Aim of the task
The answer must be a single number: how many lines in the entries below contain the word "Image".

Data section

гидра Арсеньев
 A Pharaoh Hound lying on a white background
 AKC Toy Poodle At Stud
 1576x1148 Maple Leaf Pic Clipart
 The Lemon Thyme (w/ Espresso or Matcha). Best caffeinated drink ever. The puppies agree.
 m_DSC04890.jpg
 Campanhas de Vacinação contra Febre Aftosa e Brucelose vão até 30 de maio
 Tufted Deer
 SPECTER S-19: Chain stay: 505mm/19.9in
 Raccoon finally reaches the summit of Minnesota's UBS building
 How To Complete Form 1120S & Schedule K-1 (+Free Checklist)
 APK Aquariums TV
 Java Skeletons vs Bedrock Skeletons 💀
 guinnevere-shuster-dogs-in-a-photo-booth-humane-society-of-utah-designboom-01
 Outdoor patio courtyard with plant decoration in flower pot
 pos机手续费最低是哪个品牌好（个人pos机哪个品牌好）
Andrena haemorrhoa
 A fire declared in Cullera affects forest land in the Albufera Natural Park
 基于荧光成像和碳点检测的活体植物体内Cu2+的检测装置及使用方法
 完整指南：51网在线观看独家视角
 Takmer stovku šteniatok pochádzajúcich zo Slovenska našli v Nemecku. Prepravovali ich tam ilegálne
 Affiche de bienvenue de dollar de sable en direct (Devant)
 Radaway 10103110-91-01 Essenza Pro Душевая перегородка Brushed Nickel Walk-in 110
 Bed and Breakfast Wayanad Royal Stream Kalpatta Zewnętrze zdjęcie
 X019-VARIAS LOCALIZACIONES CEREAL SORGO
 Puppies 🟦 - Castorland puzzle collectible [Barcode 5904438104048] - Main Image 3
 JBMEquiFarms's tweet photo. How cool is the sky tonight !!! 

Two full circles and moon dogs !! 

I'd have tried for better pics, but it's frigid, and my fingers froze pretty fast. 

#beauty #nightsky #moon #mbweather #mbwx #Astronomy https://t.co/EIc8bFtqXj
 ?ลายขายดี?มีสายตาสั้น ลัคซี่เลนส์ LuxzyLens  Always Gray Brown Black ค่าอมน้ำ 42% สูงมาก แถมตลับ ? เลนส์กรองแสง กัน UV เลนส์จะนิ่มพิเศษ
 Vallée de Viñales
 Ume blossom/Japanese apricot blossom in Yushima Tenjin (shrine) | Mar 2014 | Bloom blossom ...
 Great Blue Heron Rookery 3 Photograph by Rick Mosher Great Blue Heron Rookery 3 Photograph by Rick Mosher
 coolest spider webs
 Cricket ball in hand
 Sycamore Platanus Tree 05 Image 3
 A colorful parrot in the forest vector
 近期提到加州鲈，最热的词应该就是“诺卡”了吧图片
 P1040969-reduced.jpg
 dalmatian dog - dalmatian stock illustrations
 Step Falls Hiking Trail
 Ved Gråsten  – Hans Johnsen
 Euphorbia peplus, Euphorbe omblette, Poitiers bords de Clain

Answer below
2